The PCB world of the 1960s was a much simpler place. Our reference frequency was 1 MHz and circuits were largely comprised of analogue devices, with very few of the nasty square waveforms with theoretical bandwidths tending toward infinity to deal with. The high-frequency spectrum in the past was divided into two bands—one where FR-4 worked and one where it didn’t. Where it didn’t, many designers faced a no-win scenario where they couldn’t use FR-4 and the only alternative was PTFE which could push the project into an insurmountable position of unaffordable cost and limited materials availability.
When Captain James T. Kirk faced his no-win scenario in the simulated encounter with the Klingons in “The Kobayashi Maru,” his solution was to cheat. Circuit designers today are indeed fortunate that they have no need to cheat as the gap between FR-4 and PTFE performance and cost has been filled by entirely new ranges of substrate materials based on their performance at high frequency and high data rates for digital circuity. These new generations of material allow the designer the flexibility to select the appropriate substrate for the application without over-engineering performance that is neither required nor can be afforded.
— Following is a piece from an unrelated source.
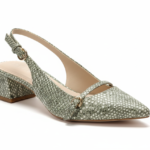 ELVYN Luxe Collection | Elegant Textured Sage Green Slingback Heels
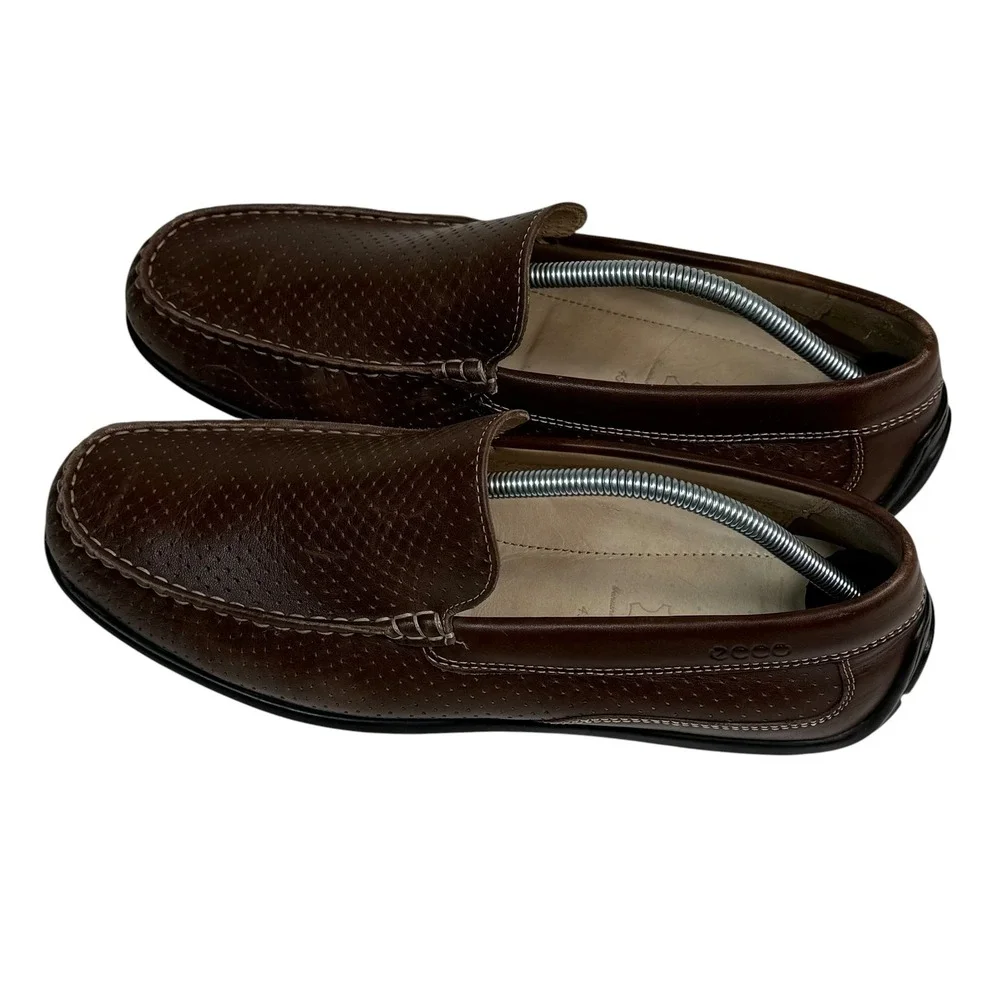 ECCO Men Brown Leather Perforated Moccasin Loafers EU 45 US 11-11.5 Driving Shoe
FR-4 itself has also evolved. In the 1960s, it was a single grade, but today it encompasses a range of materials with diverse properties and chemistries. The recent split into FR-4.0 and FR-4.1 (characterizing brominated and non-brominated flame retardants, respectively) came about in recognition of the fact that all FR-4s do not perform the same and test results of one variant could no longer be considered representative of another. “It’s FR-4 Jim, but not as we know it!”
Despite the recent years of tremendous upheaval in our industry, I hope that you share my enthusiasm and excitement for our continuing mission to aggressively seek out and develop the material solutions of tomorrow. May we all live long and prosper as we boldly go where no one has gone before.
Alun Morgan is technology ambassador for the Ventec International Group.